DIRECTIONS FOR THIS TASK => Find the line below with "Bracelet Sizer Plastic" and the line with "I Can Keep My Mouth T-Shirt Graphic Tee". Output them and the lines between, exactly, but not the pictures.

[MATERIAL FOR THE TASK Boundary: Start]

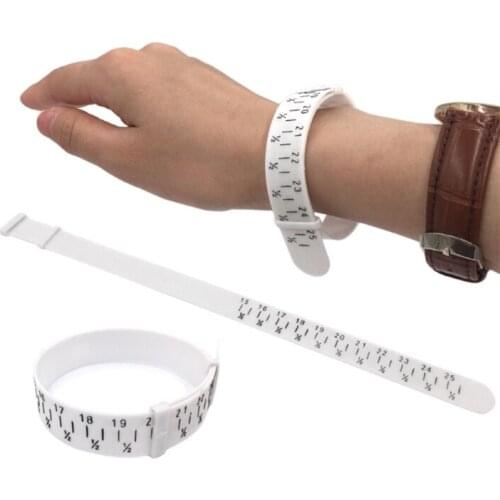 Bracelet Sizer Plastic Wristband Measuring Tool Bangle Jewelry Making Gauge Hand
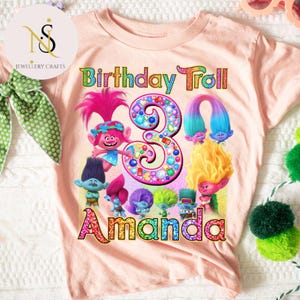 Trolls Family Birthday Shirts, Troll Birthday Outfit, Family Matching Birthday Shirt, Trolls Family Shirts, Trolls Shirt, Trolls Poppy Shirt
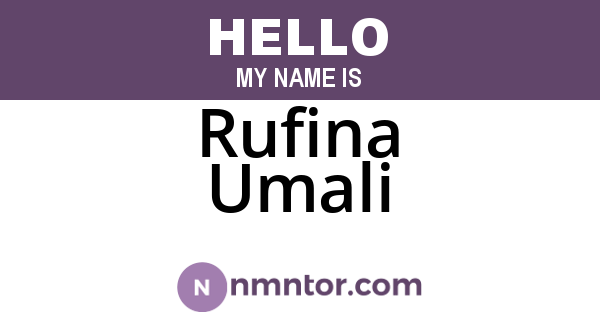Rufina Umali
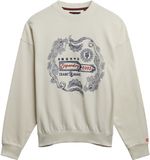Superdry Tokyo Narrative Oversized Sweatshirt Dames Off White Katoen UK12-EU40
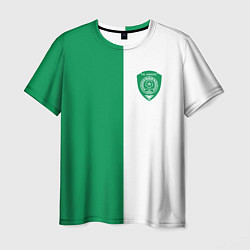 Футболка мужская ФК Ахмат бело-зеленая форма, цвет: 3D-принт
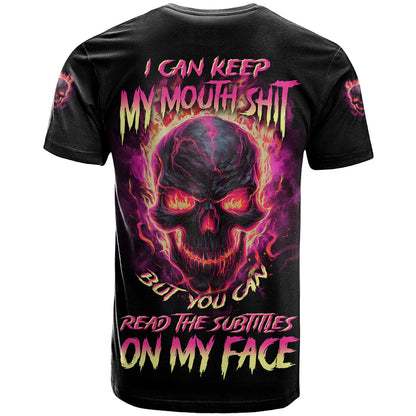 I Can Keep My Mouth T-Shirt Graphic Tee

[MATERIAL FOR THE TASK Boundary: End]
[MATERIAL FOR THE TASK Boundary: Start]

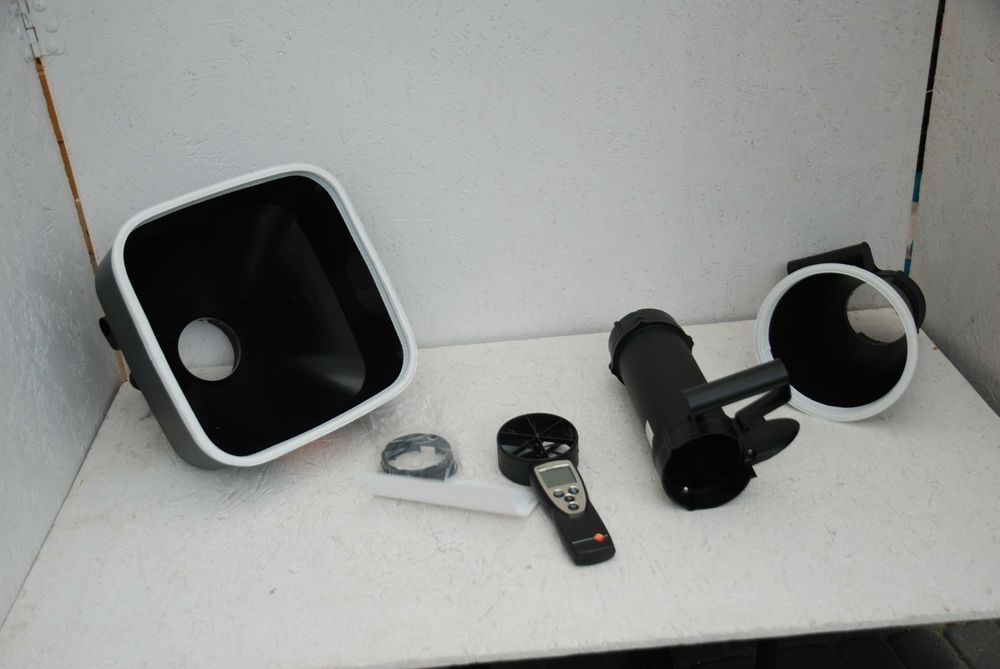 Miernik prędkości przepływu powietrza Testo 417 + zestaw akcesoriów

[MATERIAL FOR THE TASK Boundary: End]

TASK ANSWER =>
 Bracelet Sizer Plastic Wristband Measuring Tool Bangle Jewelry Making Gauge Hand
 Trolls Family Birthday Shirts, Troll Birthday Outfit, Family Matching Birthday Shirt, Trolls Family Shirts, Trolls Shirt, Trolls Poppy Shirt
Rufina Umali
Superdry Tokyo Narrative Oversized Sweatshirt Dames Off White Katoen UK12-EU40
 Футболка мужская ФК Ахмат бело-зеленая форма, цвет: 3D-принт
 I Can Keep My Mouth T-Shirt Graphic Tee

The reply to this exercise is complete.